9. Toutefois, et ainsi qu’il a été précédemment dit, la demande de M. B… tendant à la reconnaissance de la qualité de réfugié a été rejetée par l’OFPRA par une décision du 31 mai 2023, confirmée par une décision de la CNDA le 4 décembre 2023, au motif que ni les pièces du dossier ni les déclarations de M. B… n’ont permis de tenir pour établies les craintes alléguées. Sa demande de réexamen a ensuite été rejetée comme irrecevable. Les éléments dont le requérant fait état à l’appui de sa requête, notamment le document traduit évoquant sa désertion, le mandat d’arrêt émis à son encontre, et les pièces intitulées « actes d’accusation » et « rapports sur la procédure préliminaire » ne peuvent être regardés comme des éléments nouveaux de nature à établir qu’il serait personnellement exposé à des risques pour sa vie et sa liberté et à des traitements inhumains et dégradants en cas de retour en Turquie, alors que le requérant a déjà fait état de ces éléments dès sa demande d’asile initiale et qu’en outre, les documents judiciaires produits ne présentent pas de garanties d’authenticité suffisantes, notamment parce que le mandat d’arrêt porte une date postérieure à la date à laquelle le requérant a quitté la Turquie, alors qu’il soutenait précédemment que son départ était lié aux poursuites dont il faisait l’objet.
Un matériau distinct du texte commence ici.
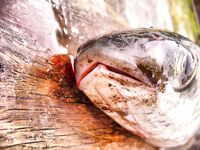 Первые рыбы 2010 — бычки и кефаль-монстр: старт сезона состоялся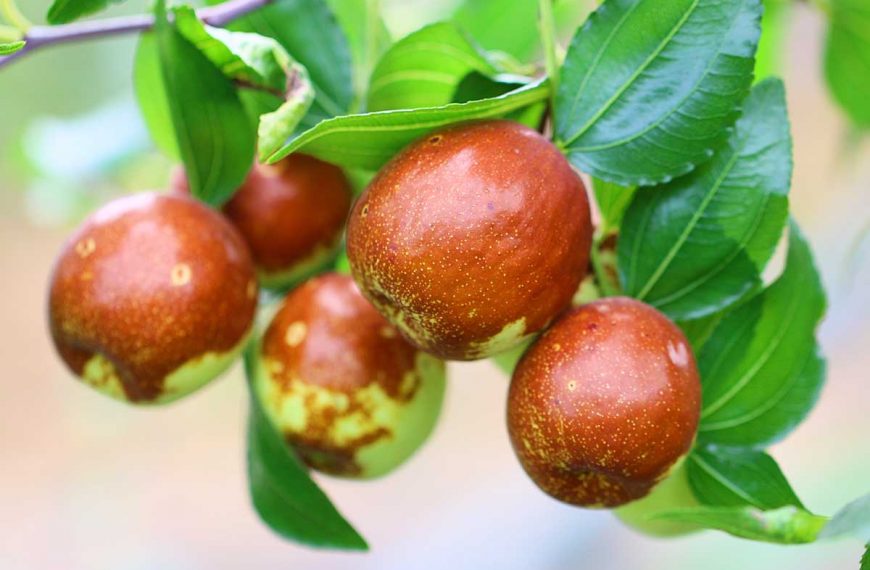 Jujube fruit hanging from the tree branch.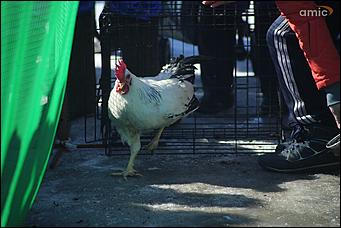 10 марта 2019 г., Барнаул. Екатерина Смолихина   Забег петухов, метание блинов и сжигание чучела: масленичные гулянья в Барнауле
Il en résulte que le moyen tiré de la méconnaissance de l’article 3 de la convention européenne de sauvegarde des droits de l’homme et des libertés fondamentales et de l’article L. 721-4 du code de l’entrée et du séjour des étrangers et du droit d’asile doit être écarté, de même que, pour les mêmes motifs, celui tiré de l’erreur manifeste d’appréciation des conséquences de cette décision sur la situation personnelle du requérant.
10. Il résulte de tout ce qui précède, sans qu’il soit besoin de statuer sur les fins de non-recevoir opposées en défense, que la requête de M. B… doit être rejetée, y compris en ce qu’elle comporte des conclusions à fin d’injonction et une demande présentée au titre des frais du litige.
D É C I D E :
Article 1er :
La requête de M. B… est rejetée.
Article 2 :
Le présent jugement sera notifié à M. C… B… et au préfet de Maine-et-Loire.
Délibéré après l’audience du 7 novembre 2025, à laquelle siégeaient :
Mme Gourmelon, présidente,
Mme Milin, première conseillère,
M. Cordrie, conseiller.
Rendu public par mise à disposition au greffe le 28 novembre 2025.
La présidente-rapporteure,
V. Gourmelon
L’assesseure la plus ancienne
dans l’ordre du tableau,
M. A…
La greffière,
Y. Boubekeur
La République mande et ordonne au préfet de Maine-et-Loire en ce qui le concerne ou à tous commissaires de justice à ce requis en ce qui concerne les voies de droit commun contre les parties privées, de pourvoir à l’exécution de la présente décision.